A brief history of the observance and politics of Nakba day.
During the 1948 Arab-Israeli war and the subsequent mass expulsions that lasted until October 1950, approximately 85 percent of the Arab Palestinians who had lived in the areas of Mandatory Palestine that ultimately were subjected to Israeli sovereignty were driven outside the borders of the newly established state of Israel. In the process, hundreds of Palestinian villages were completely destroyed, and the larger towns and cities lost most, if not all, of their Arab populations.
Differing existential conditions among Palestinian communities have led to a growing discrepancy in the collective self–image of both groups.
Between 700,000 and 800,000 Palestinian refugees took shelter in the remaining parts of Palestine still under Arab control (the Gaza Strip and the West Bank), as well as in the neighboring Arab countries of Lebanon, Jordan, Syria, Egypt, as well as elsewhere. These events are known in the Palestinian vocabulary as the Nakba (meaning ‘catastrophe’ in Arabic), and they constitute the key episode in Palestinian national history.

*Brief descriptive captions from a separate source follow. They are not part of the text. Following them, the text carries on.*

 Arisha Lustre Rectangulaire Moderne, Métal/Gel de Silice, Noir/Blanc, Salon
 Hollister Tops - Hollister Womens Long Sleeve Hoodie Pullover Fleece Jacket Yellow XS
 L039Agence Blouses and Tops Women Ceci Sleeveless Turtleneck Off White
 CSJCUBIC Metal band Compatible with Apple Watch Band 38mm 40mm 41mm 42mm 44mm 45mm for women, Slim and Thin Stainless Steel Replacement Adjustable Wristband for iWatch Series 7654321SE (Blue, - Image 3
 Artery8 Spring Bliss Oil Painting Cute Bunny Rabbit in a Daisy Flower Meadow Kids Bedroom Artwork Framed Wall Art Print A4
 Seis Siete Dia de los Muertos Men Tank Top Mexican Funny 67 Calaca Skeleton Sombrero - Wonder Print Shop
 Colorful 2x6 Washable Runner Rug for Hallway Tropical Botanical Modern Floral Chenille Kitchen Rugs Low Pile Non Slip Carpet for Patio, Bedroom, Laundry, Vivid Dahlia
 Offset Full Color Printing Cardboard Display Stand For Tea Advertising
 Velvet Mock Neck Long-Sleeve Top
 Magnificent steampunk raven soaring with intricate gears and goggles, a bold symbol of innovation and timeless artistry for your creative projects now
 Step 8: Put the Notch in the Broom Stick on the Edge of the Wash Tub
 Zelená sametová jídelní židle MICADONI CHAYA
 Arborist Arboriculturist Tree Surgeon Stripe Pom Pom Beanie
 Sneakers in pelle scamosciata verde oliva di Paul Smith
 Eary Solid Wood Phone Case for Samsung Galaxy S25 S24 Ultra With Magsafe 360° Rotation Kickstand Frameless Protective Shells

Those 156,000 Palestinians who remained under Israeli rule could not escape the dramatic consequences of the Nakba: about one-sixth of them came from nearby villages that were destroyed and depopulated. Subsequently they became internal refugees; many other lost their lands to Israeli state expropriations even though they remained in their villages; and families were torn apart never again to be reunited.